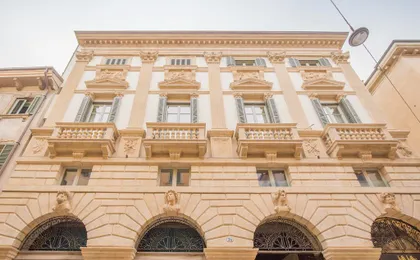 Palazzo Monga Boutique Guesthouse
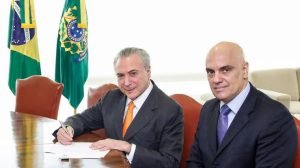 Temer defende que STF revise penas pelo 8 de janeiro e diz que Moraes cumprirá “papel de pacificação”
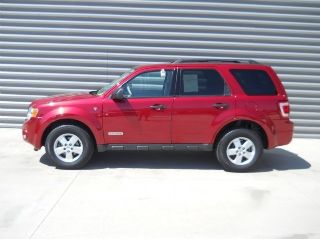 Used 2008 Ford Escape XLT in Madison, South Dakota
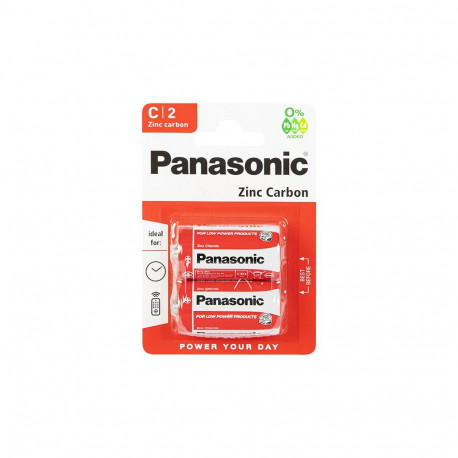 8889# Bateria panasonic special r14 2szt.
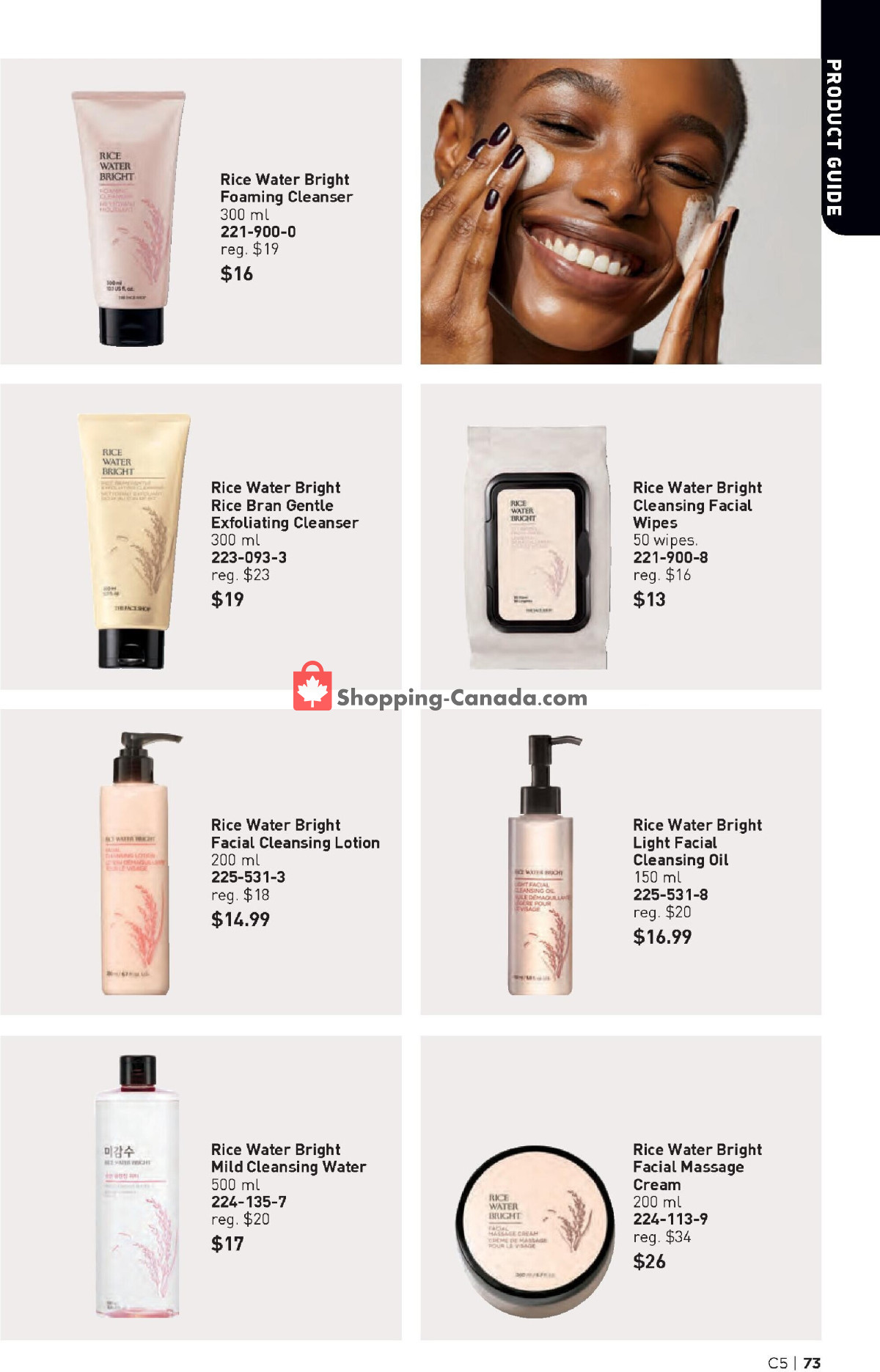 Avon flyer from Friday March 1, 2024 to Sunday March 31, 2024 - page 73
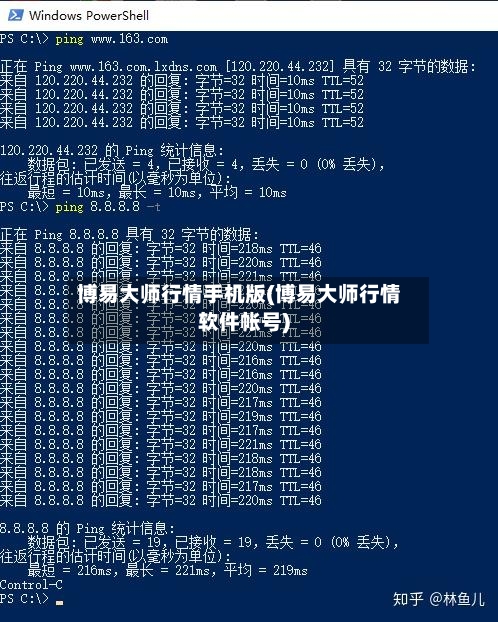 博易大师行情手机版(博易大师行情软件帐号)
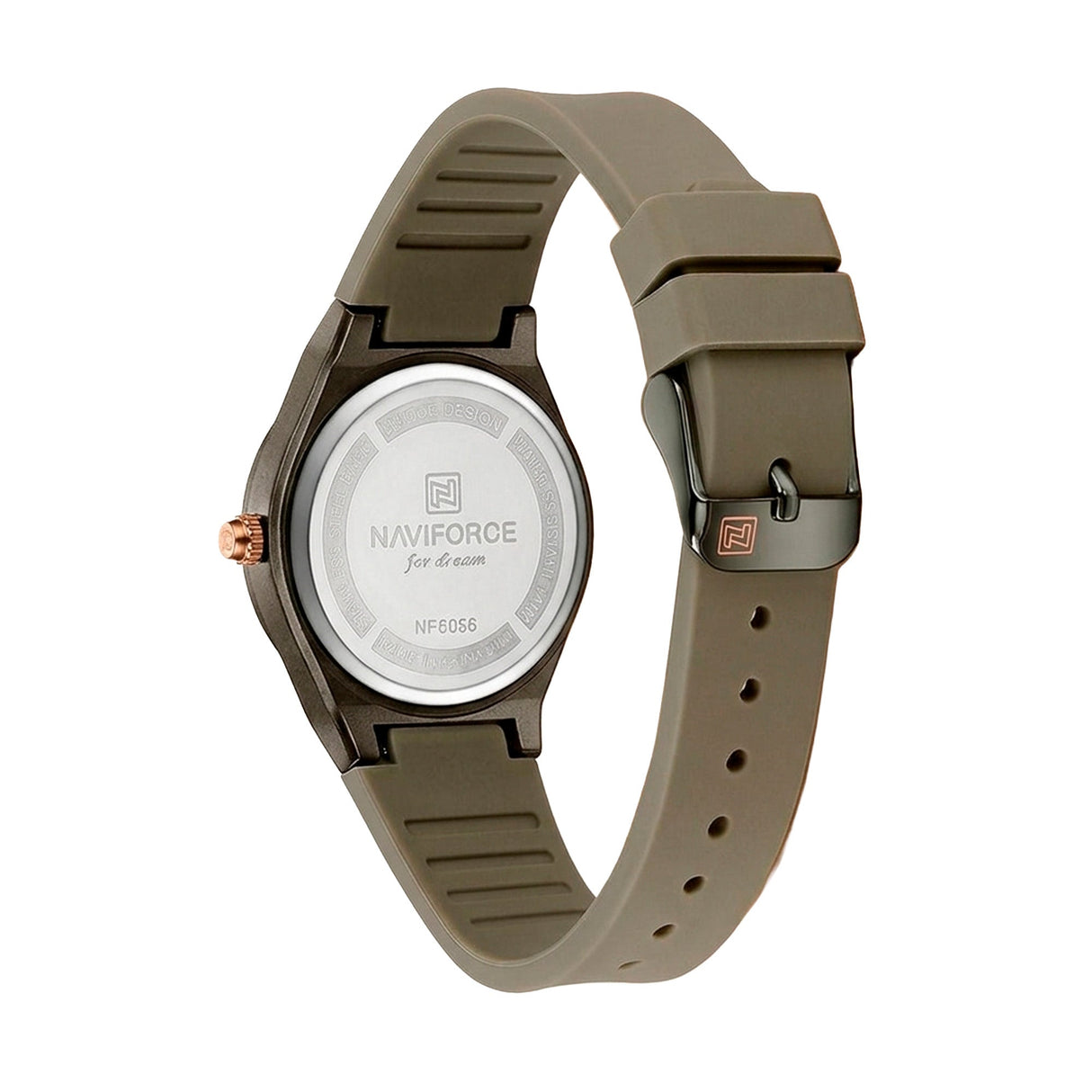 RELOJ ANALOGICO MUJER NF5056 NAVIFORCE NAVIFORCE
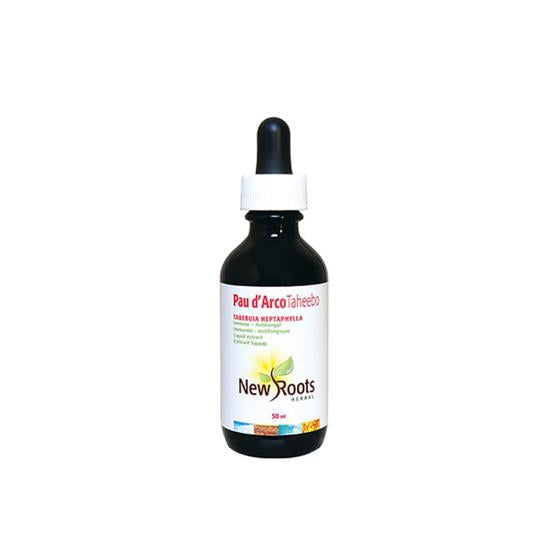 Pau D’ArcoTaheebo antifongique liquide - New Roots Herbal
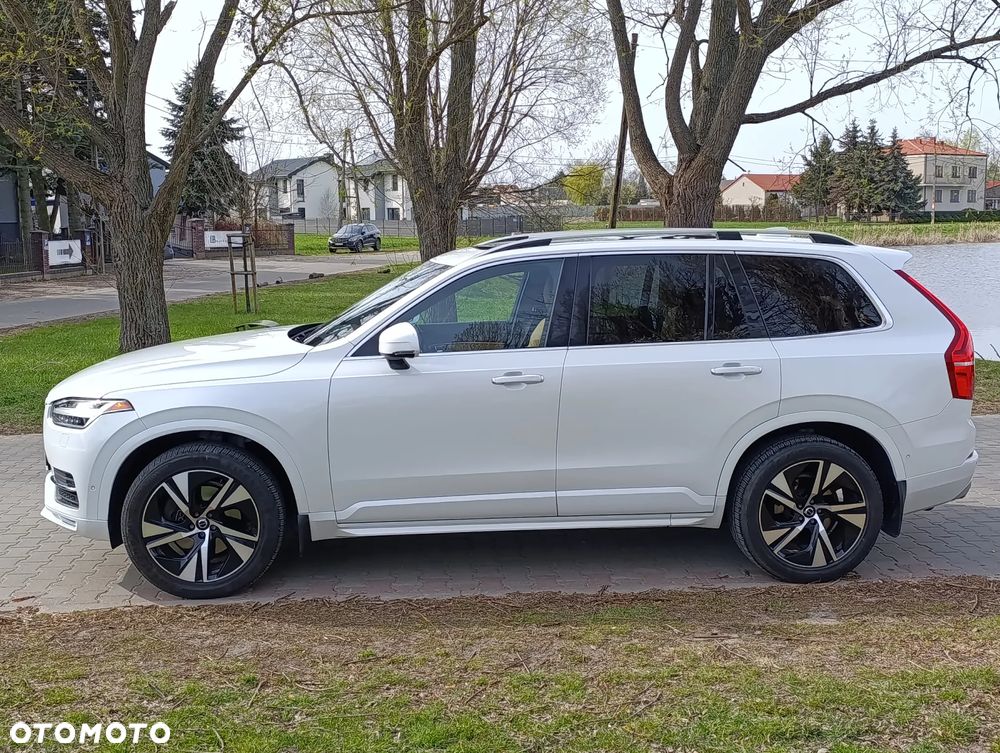 Volvo XC 90 T6 AWD Geartronic Momentum - 4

• • • • • • •

■ **EXERCISE AIM**
Please copy, exactly as written, the lines from the one that contains "Avon flyer from" through the end of the records, both ends included. Do not include the pictures.

■ **ANSWER FOR THE TASK**
 Avon flyer from Friday March 1, 2024 to Sunday March 31, 2024 - page 73
 博易大师行情手机版(博易大师行情软件帐号)
 RELOJ ANALOGICO MUJER NF5056 NAVIFORCE NAVIFORCE
 Pau D’ArcoTaheebo antifongique liquide - New Roots Herbal
 Volvo XC 90 T6 AWD Geartronic Momentum - 4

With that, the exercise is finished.